On 13 December, the US, Mexico and Canada signed the USMCA. The trade agreement talks had been concluded in October 2018 and an earlier version of the text had been published then.
As for GIs (Section E, articles 20.29 to 20.35, pages 14 to 20), the USMCA provides the following elements:
- GIs can be protected in the parties’ jurisdictions through a sui generis system, a trademark or other legal means (art.20.29);
- Before granting protection through their national administrative procedures, the parties must provide a transparent opposition phase (art.20.30);
- The grounds for opposition (earlier trademark and terms customary in common language) must be evaluated with respect to the territory of the party where a GI application is lodged (art. 20.31);
- GIs protected in the parties through agreements concluded or agreed in principle before the USMCA conclusion will not be subject to art.20.35 of the USMCA.
The USMCA will now have to be approved by legislatures in the three countries to become effective.
The USMCA does not regulate the level of protection to be given to GIs in the contracting parties, which is left in the hands of the national and other international norms applying in the three countries.
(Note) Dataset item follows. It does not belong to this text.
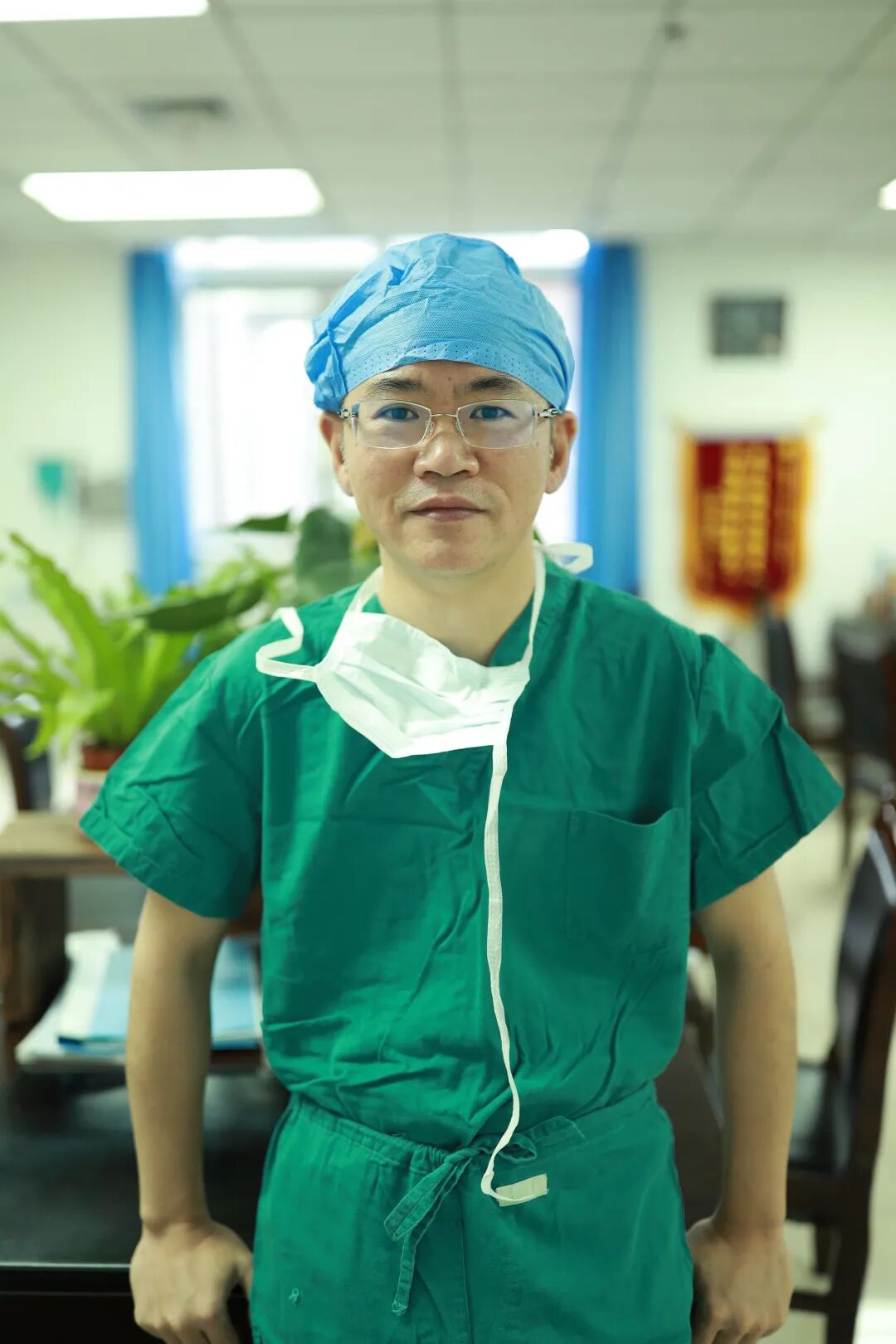 手术灯怎么打开灯关了，咋子做手术？_https://www.jmylbn.com_新闻资讯_第19张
It rather concerns procedural issues related to GIs registration. Two elements should be mentioned in this respect. On the one hand, the GIs provisions of the EU and Mexico modernized Global Agreement, agreed in principle on 21 April 2018, will not be affected by the USMCA. On the other hand, the USMCA seems perfectly compatible with the possibility for the parties to join the Geneva Act of the Lisbon Agreement on Appellations of Origin and Geographical Indications, under which countries have one-year period to accept or refuse the protection of a GI notified via the agreement.